Morocco to expand MPAs, increase anti-IUU funding

Published on
February 21, 2022
Morocco fishermen clean nets on a dock after fishing.

Morocco Prime Minister Aziz Akhannouch said the country hass committed to expanding the country's marine protected areas and doubling the resources the country currently expends annually in its fight against illegal, unreported, and unregulated (IUU) fishing.

Akhannouch told the One Ocean Summit 2022 participants in Brest, France, that efforts by North Africa country’s national leadership to ensure sustainable fishery management has enable Morocco to achieve “enormous development,” the Morocco World News reported.  A World Bank report found the country’s fishing and fish processing activities have provided 700,000 jobs, though many are informal.

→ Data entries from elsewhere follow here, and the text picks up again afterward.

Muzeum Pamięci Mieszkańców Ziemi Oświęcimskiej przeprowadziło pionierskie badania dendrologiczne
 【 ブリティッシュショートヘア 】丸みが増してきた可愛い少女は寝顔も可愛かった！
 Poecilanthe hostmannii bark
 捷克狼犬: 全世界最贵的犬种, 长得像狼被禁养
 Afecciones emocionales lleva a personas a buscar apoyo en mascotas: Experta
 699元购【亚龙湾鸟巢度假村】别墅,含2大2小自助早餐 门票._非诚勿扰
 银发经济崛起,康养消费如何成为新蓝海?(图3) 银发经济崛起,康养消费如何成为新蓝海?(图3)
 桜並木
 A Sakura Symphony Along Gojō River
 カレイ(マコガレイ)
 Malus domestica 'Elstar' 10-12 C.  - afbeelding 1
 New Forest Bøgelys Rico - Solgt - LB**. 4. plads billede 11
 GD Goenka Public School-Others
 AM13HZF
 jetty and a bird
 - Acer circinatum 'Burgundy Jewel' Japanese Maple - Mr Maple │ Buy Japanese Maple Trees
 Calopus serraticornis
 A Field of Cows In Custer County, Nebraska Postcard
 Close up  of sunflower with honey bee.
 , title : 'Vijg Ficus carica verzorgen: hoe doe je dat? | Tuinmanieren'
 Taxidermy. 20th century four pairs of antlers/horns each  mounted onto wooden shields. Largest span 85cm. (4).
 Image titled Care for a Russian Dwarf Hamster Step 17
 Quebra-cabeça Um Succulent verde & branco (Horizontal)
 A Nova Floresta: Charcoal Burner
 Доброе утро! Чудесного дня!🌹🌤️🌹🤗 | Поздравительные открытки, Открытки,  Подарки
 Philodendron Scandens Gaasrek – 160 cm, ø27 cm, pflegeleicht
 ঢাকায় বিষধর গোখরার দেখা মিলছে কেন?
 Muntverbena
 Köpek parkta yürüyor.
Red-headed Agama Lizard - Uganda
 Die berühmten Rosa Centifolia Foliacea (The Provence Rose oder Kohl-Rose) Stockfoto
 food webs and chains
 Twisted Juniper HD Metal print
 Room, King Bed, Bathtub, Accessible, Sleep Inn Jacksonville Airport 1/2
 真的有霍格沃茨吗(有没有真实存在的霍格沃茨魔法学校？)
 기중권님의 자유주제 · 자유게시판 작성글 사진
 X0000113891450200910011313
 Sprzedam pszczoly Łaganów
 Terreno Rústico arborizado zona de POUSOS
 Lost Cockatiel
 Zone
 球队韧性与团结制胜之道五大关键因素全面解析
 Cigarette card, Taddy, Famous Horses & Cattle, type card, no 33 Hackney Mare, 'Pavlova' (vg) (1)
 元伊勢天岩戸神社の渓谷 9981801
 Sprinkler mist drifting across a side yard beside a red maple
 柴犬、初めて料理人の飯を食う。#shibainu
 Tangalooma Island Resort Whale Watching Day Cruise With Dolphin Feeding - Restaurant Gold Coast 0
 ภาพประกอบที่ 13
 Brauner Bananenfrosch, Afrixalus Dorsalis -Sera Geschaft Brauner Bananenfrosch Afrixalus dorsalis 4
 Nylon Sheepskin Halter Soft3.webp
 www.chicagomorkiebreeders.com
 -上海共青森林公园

Akhannouch reported Morocco is grappling with challenges related to reproduction and recovery of fisheries resources in the Mediterranean, and urged participants at the One Ocean Summit to push for enhanced  marine sustainability measures.

Currently only 0.68 percent, or 1,866 square kilometers, of Morocco’s coastline is covered by marine protected areas. The country’s total marine and coastal area spans approximately 276,136 square kilometers. Morocco's announcement it hopes to expand its MPA coverage has attracted support from MedFund, a Monaco-based nonprofit organization providing sustainable funding for marine biodiversity conservation. In October 2020, it provided funding to assist the assessment process, and has contributed funds toward more-effective management of marine protected areas in the Mediterranean, France, Monaco, and Tunisia.

A new round of MedFund financing will support the creation of two new MPA locations. The first is the 480-square-kilometer Al Hoceima National Park in the northeast of the country, an area with rocky cliffs that “make it highly valued fishing area whose resource is to be preserved,” MedFund said. The second will be located in the 322-square-kilometer Jbel Moussa area, which is home to “an exceptional natural terrestrial and marine heritage.”

Morocco has previously been cited as an example of a country where progress has been made in the fight against IUU –especially among small-scale fishing vessels. Every fishing vessel in Morocco has a permit that serves to identify it, and which must always be kept on board – in addition to being fitted with a radio frequency identification device containing information about the owner, registration, and fishing-license information – making it easier to be read by an inspector via a hand-held device.

Morocco's push to expand its MPA coverage and combat IUU comes after a European Union court invalidated a fish trade deal between the E.U. and Morocco. The court ruled that the fisheries partnership agreement between the bloc and the country was invalid due to the inclusion of fisheries within the jurisdiction of the Western Sahara. The trade and fisheries deal had allowed 128 E.U. vessels coming from Spain, Portugal, France, Germany, Lithuania, Latvia, Poland, Netherlands, Ireland, Italy, and the United Kingdom to fish in the Moroccan exclusive economic zone. But after a petition by nationalist groups from Western Sahara, a disputed territory on the northwest coast, and in the Maghreb region of North and West Africa, the General Court of the European Union, the bloc’s second-highest court, found the agreement didn’t have the consent of the people in the region.

“The court takes the view that, in so far as the agreements at issue apply expressly to Western Sahara and, as regards the decision concerning the Sustainable Fisheries Partnership Agreement, to the waters adjacent to that territory, they concern the people of that territory and require the consent of its people,” the court said.